Note that not all the output of a sample ks.cfg is shown. However, you can see that this file will feed kickstart directions for an install, including an encrypted root password to be installed on the target system.

The next step is to copy your new ks.cfg to a boot disk created using one of the boot floppy images (found under the images directory on the first Ubuntu CD/DVD). You can do this with Linux by using the mount and cp commands. For example, insert your boot disk into your PC, and then use the mount command (as root) like so:

$ sudo mount /mnt floppy

If Ubuntu has mounted your floppy automatically, you'll receive an error message such as /dev/fd0 already mounted.

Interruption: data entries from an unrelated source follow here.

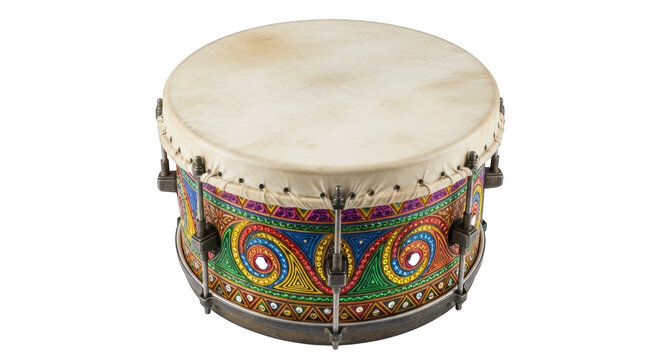Vibrant Decorated Darbuka Drum With Intricate Patterns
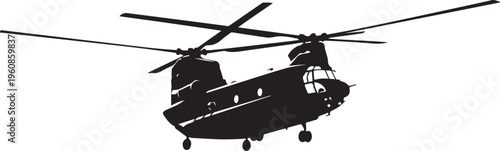 Black helicopter silhouette, military aircraft icon, rotorcraft illustration, flying vehicle graphic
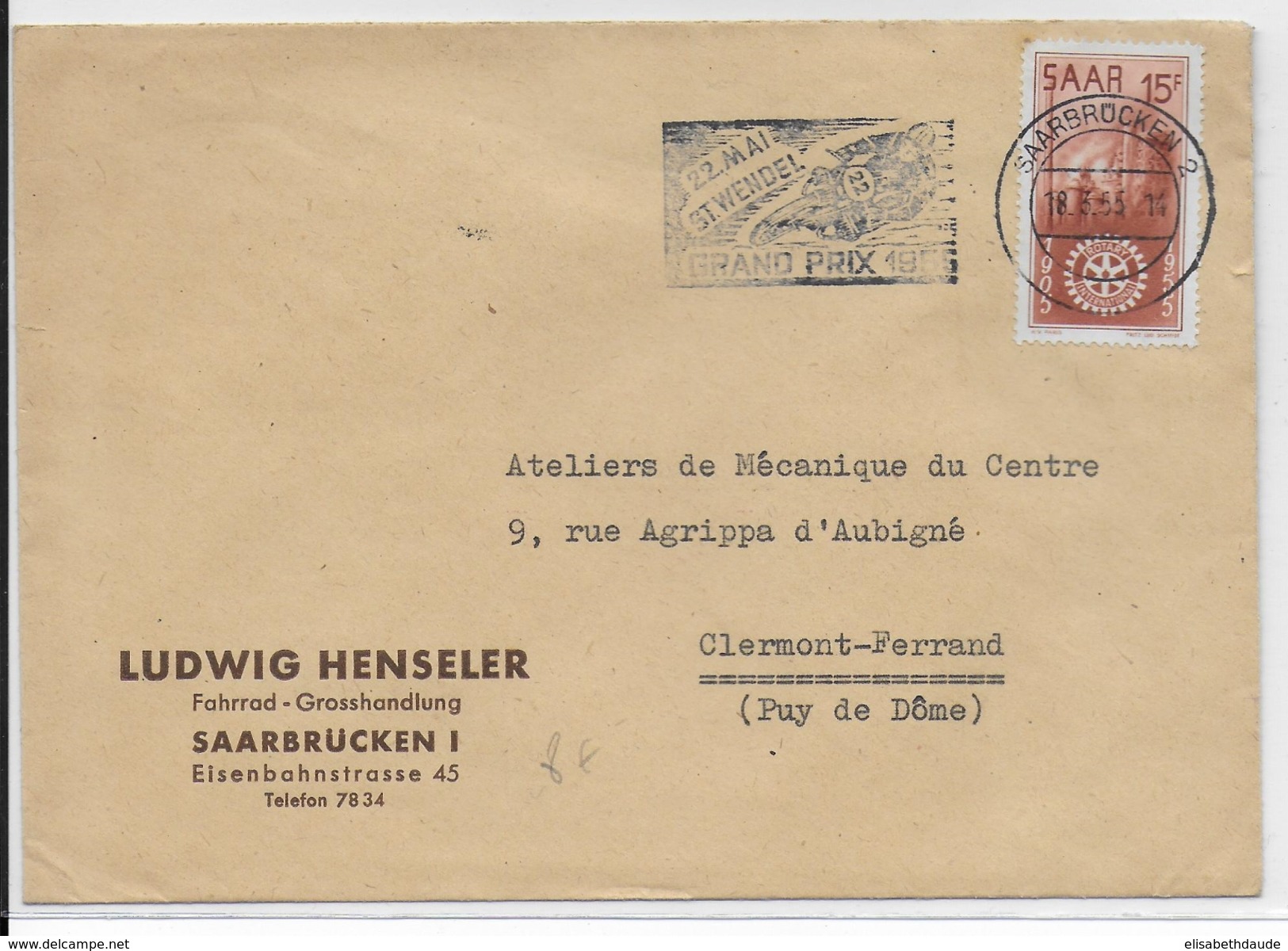 SAAR / SARRE - 1955 - ENVELOPPE COMMERCIALE De SAARBRÜCKEN Avec MECA GRAND PRIX MOTO De ST WENDEL - Briefe U. Dokumente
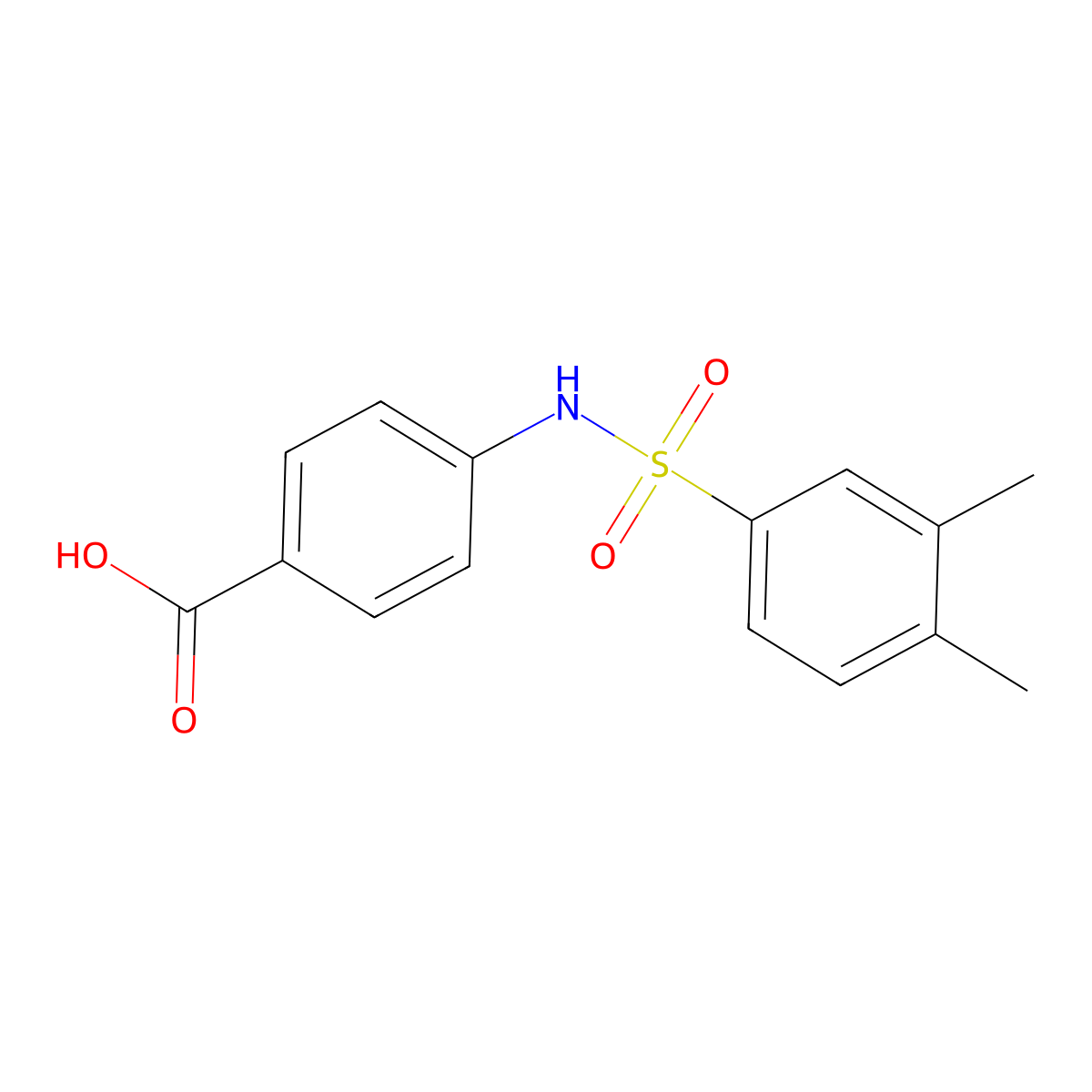 4-(3,4-Dimethylbenzenesulfonamido)benzoic acid molecular structure, CAS 554407-31-7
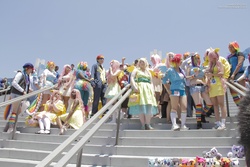 Size: 3456x2304 | Tagged: safe, fluttershy, rainbow dash, human, g4, anime expo, cosplay, group photo, irl, irl human, photo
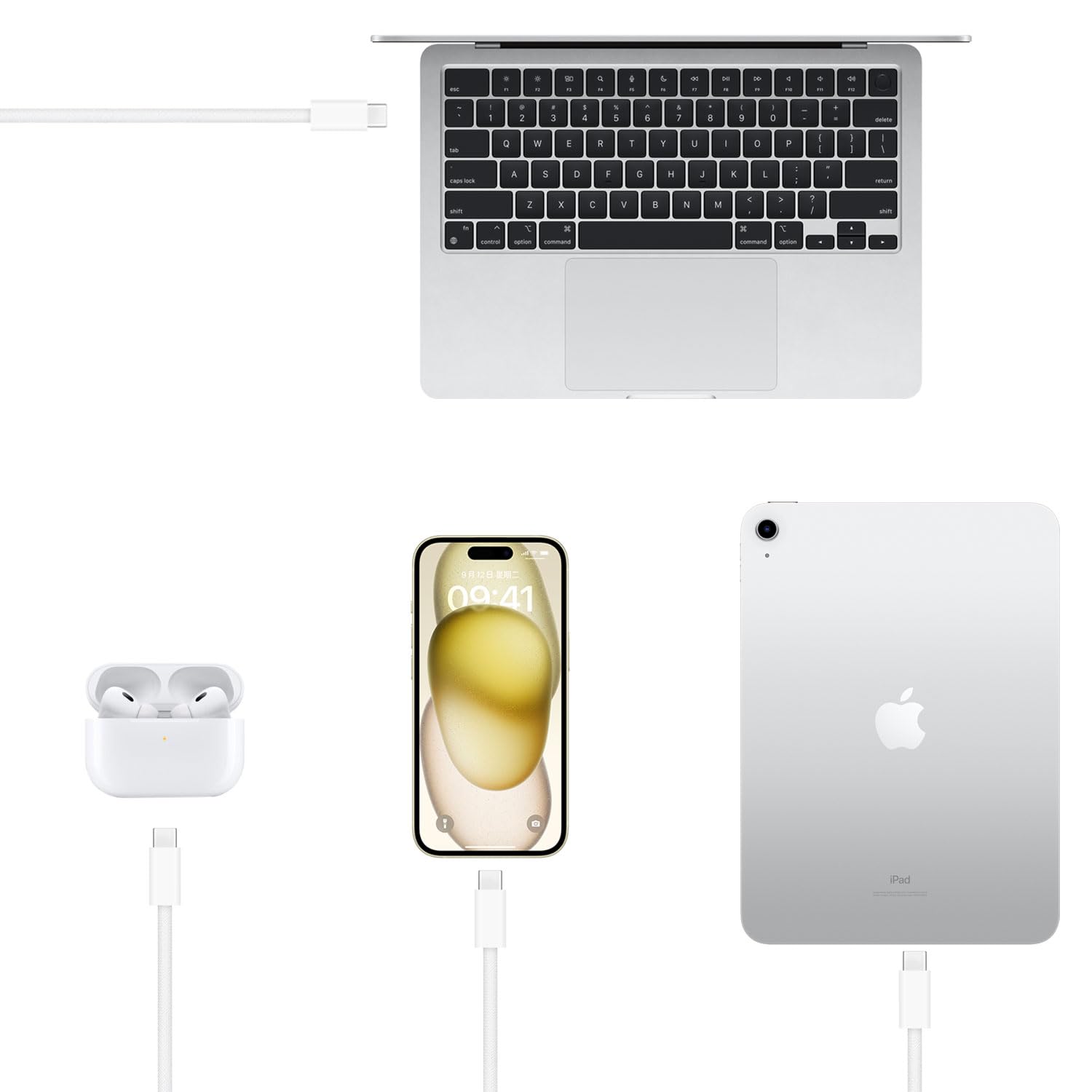 Abysssea AirPods Pro Charging Cable, USB C to USB C, White, for AirPods Pro 2nd Gen, iPhone 15/16/17 Series, Woven Design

You can then simply copy the ks.cfg file to your floppy like so:

$ sudo cp ks.cfg /mnt/floppy

You can verify the contents of the floppy using the ls command like this:

$ ls /mnt/floppy boot.msg general.msg initrd.img ks.cfg ldlinux.sys options.msg param.msg rescue.msg snake.msg splash.lss syslinux.cfg syslinux.png vmlinuz

Then unmount the floppy using the umount command like so:

# umount /mnt/floppy

Remove the disk. It is now ready for use. When you use the disk to boot a PC, after booting, tell the install boot image that you would like to perform a kickstart install like this:

linux ks=floppy

The installer will then use the specifications you outlined in the Kickstart Configurator and saved in ks.cfg to install Ubuntu.